Published: Jan. 28, 2016

Rick Han looks on as his students practice their pitches during a class session

Rick Han looks on as a student practices pitching his startup.

A few years ago, Associate Professor Rick Han attended a mobile app competition at CU-Boulder. The competition had been completely organized by students and no credit was being offered, but 10 teams had still shown up to compete.

Han immediately saw an opportunity for computer science students. While most work on an industry-sponsored project for their senior capstone, he wanted to capture the entrepreneurial spirit that already existed.

“Why should students only work on other people’s ideas? Why shouldn’t they work on their own ideas?” he said.

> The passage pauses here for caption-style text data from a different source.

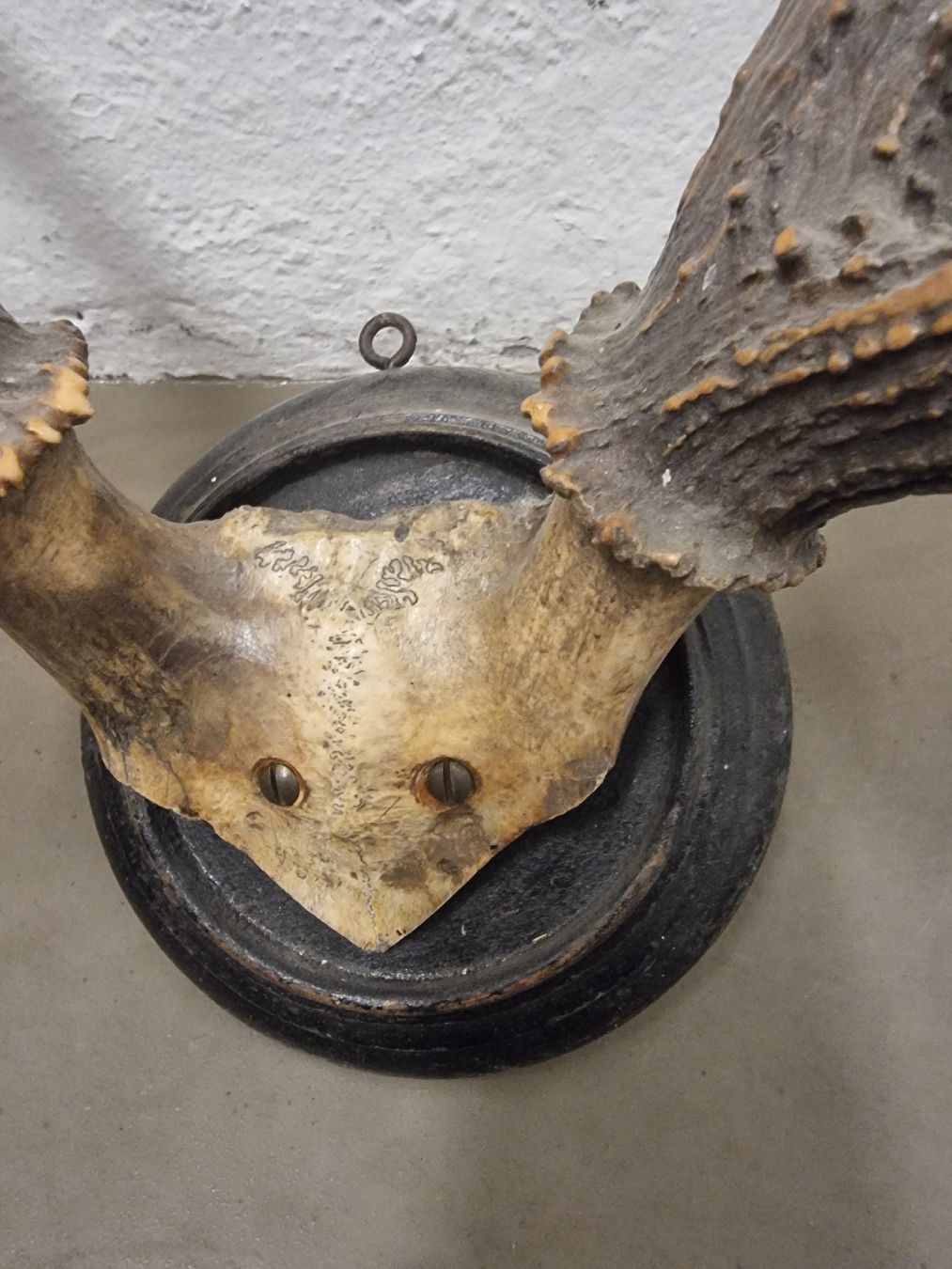 Welt der Tiere: Hirschgeweih auf Holzschild, Wanddekoration, Jagdtrophäe. – Gebraucht aus Olten von Mezopotamya 4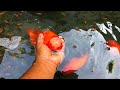 los peces goldfish búfalo están buscando agua limpia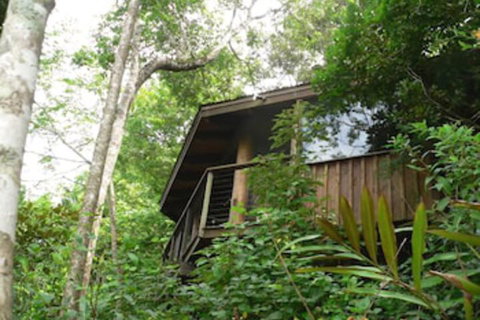 Mt Quincan Crater Retreat - Accommodation Cooktown 5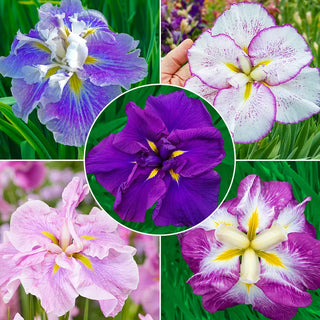 Dinner Plate™ Japanese Iris Collection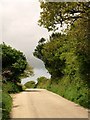 Lane beside Wheal Unity Wood Mine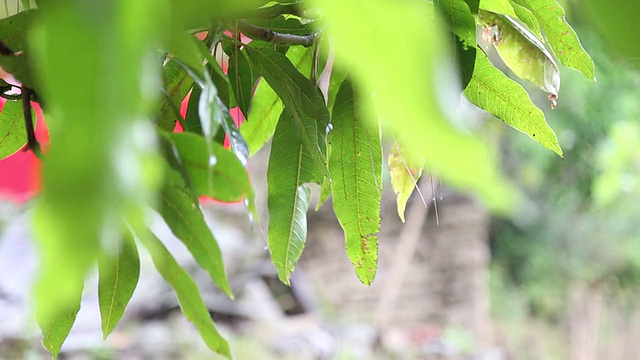 芒果树叶的特写视频素材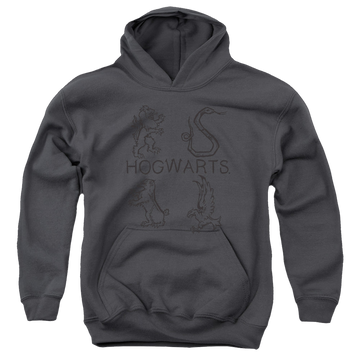 Harry Potter Literary Crests - Youth Hoodie Youth Hoodie (Ages 8-12) Harry Potter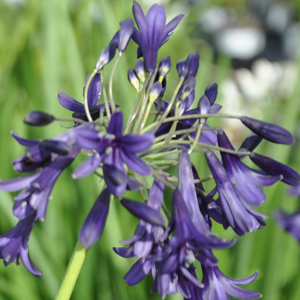 Agapanthe 'Indigo Dreams'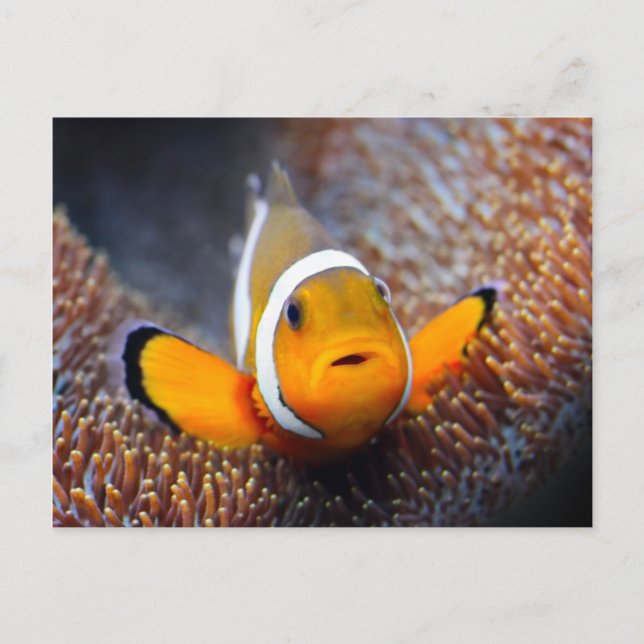 Carte Postale Tropcal reef fish (Devant)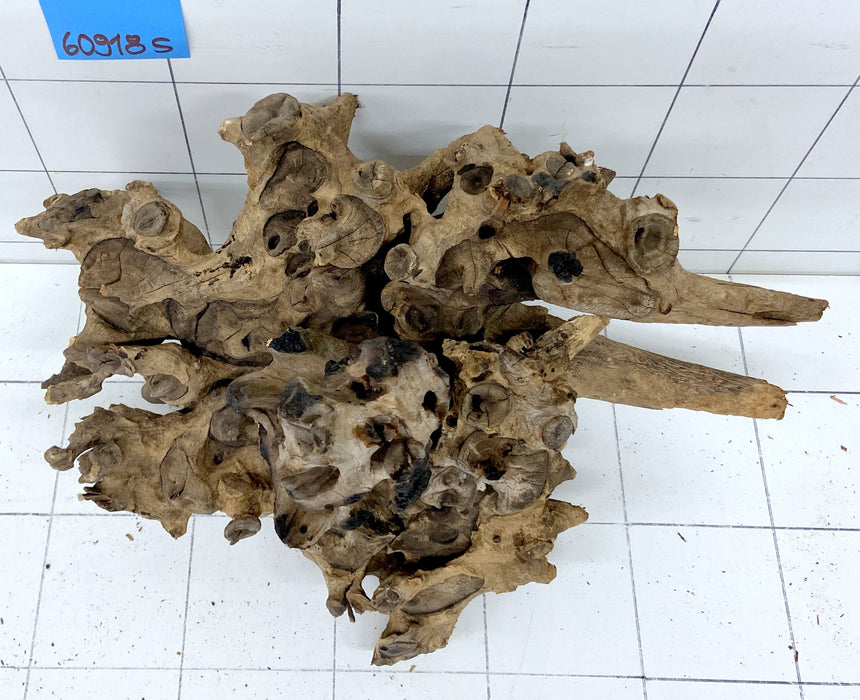 60918S Samoa Wurzel Holz XL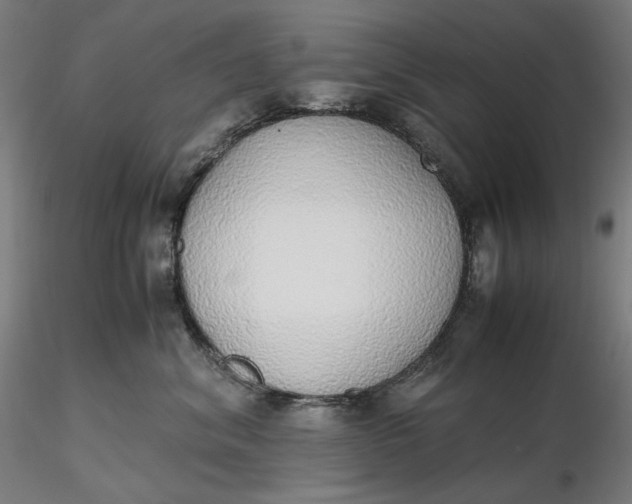 X0000116460620200912231402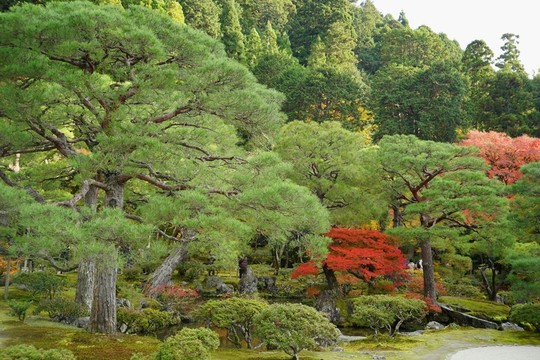日本東京風(fēng)光旅游攝影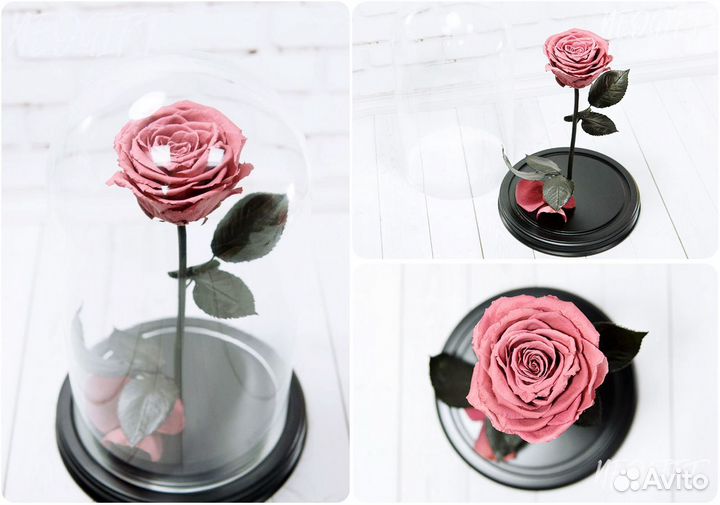 Роза в колбе Живая Премиум розы Кемерово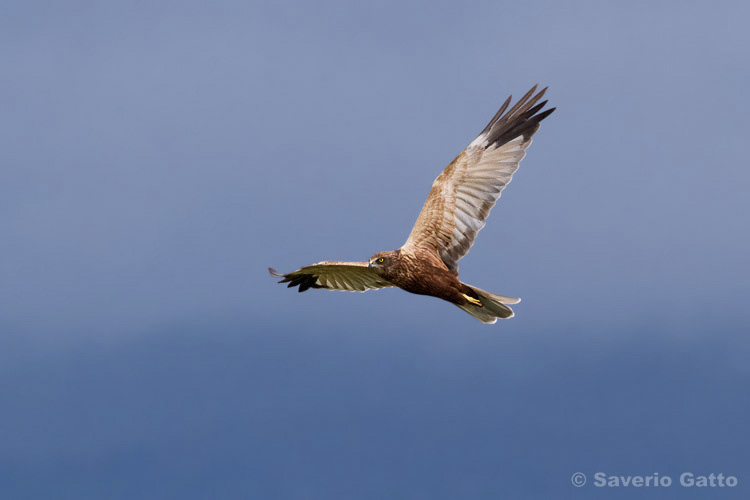 Marsh Harrier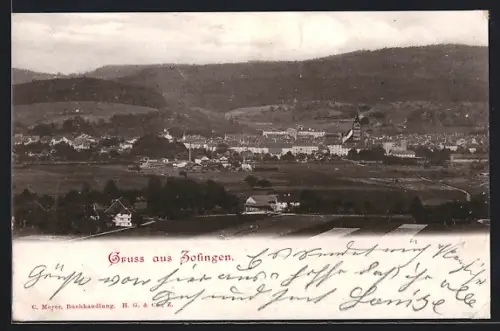 AK Zofingen, Gesamtansicht mit Umgebung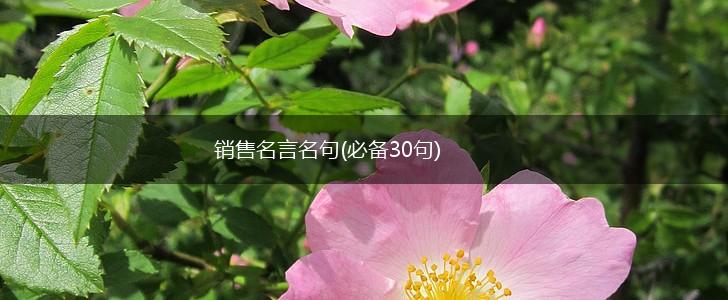 销售名言名句(必备30句),第1张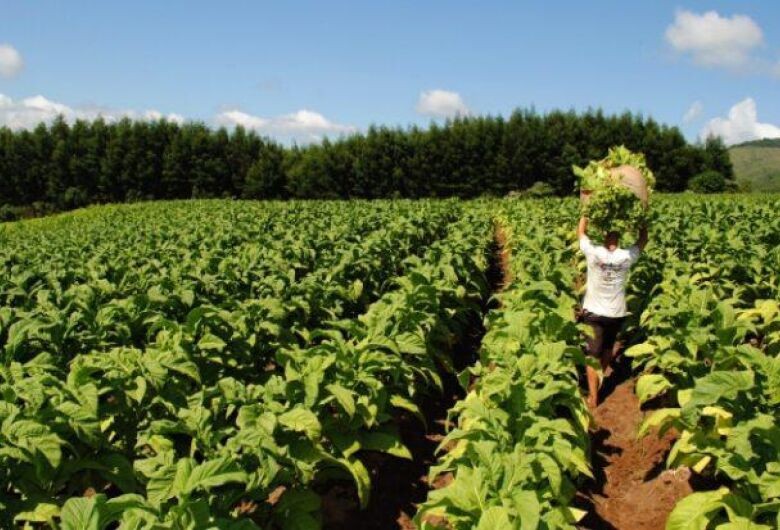Comissão de Agricultura debate dificuldades para o acionamento do Proagro
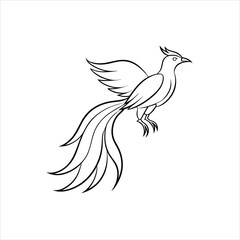 Elegant Bird with Flowing Feathers and Long Tail Vector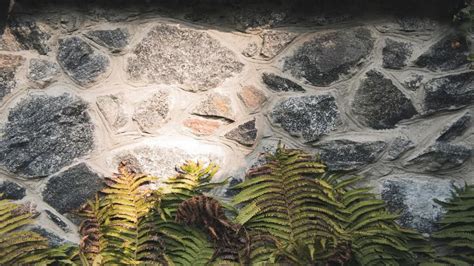 Stone Wall Texture Background Templates Ferns Textured Walls Grunge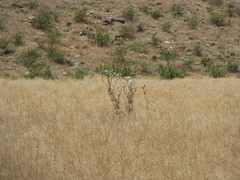 Angiospermae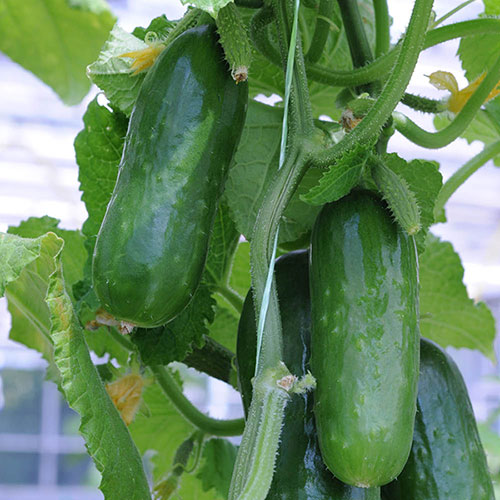 Cucumber Picolino 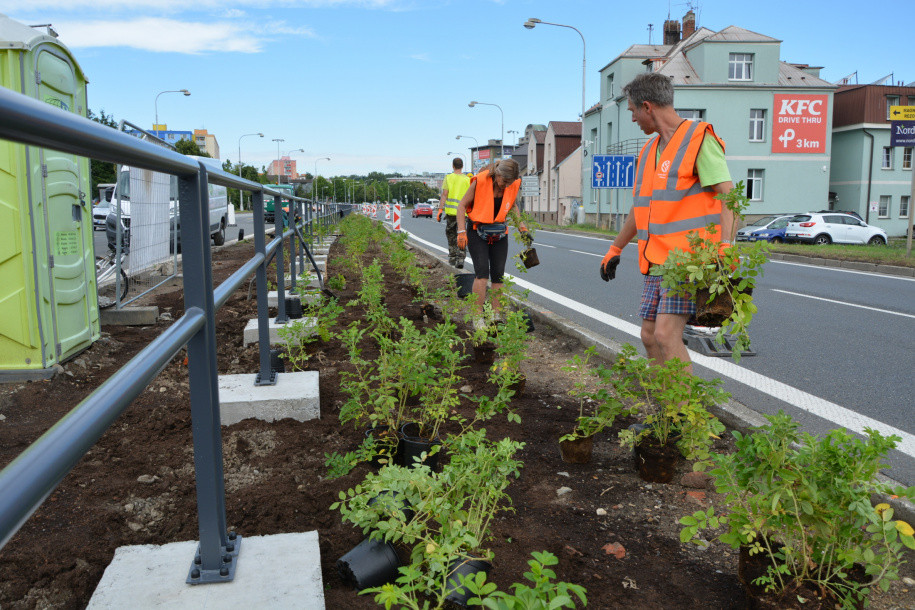 Růžová Velkomoravská. Olomouc investuje miliony do zkrášlení rušného průtahu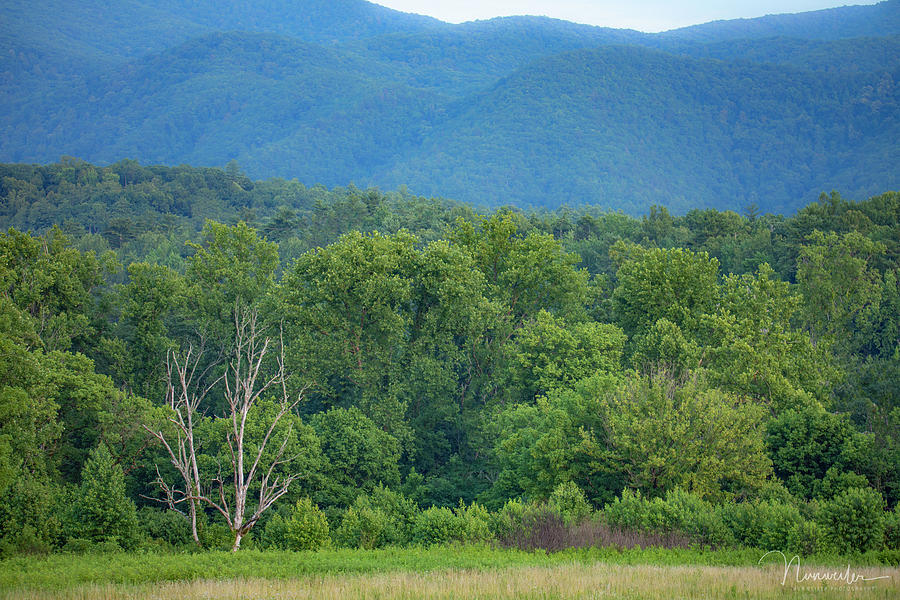 Cades Cove 4 Photograph by Nunweiler Photography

Han began offering an Entrepreneurship in Computing course, which he and Zach Nies (CompSci’95) have now taught four times. In 2015, Han won an entrepreneurial seed grant from the university’s cross-campus Entrepreneurship Initiative to help with the next step in the course – expanding it to a full two-semester senior capstone option.

“The $10,000 will help us boot up the second semester” and go directly to student projects, Han said, helping them do things like rent server space or pay for iPhone developer licensing fees.

He hopes the capstone class will help CS students carry their projects past graduation and make them a force to be reckoned with within CU-Boulder’s entrepreneurial community.

“This makes our students much better prepared with stronger startup ideas,” he said. “Instead of just pitching an idea in Techstars or the New Venture Challenge, they can come in with a strong business plan and some good preliminary results.”

Already, the first cohort of capstone students is coming up with some great ideas, including an audio version of YouTube, a robotics startup and a pervasive keyboard.

“Undergrads have the ability to transform the world with their ideas,” Han said.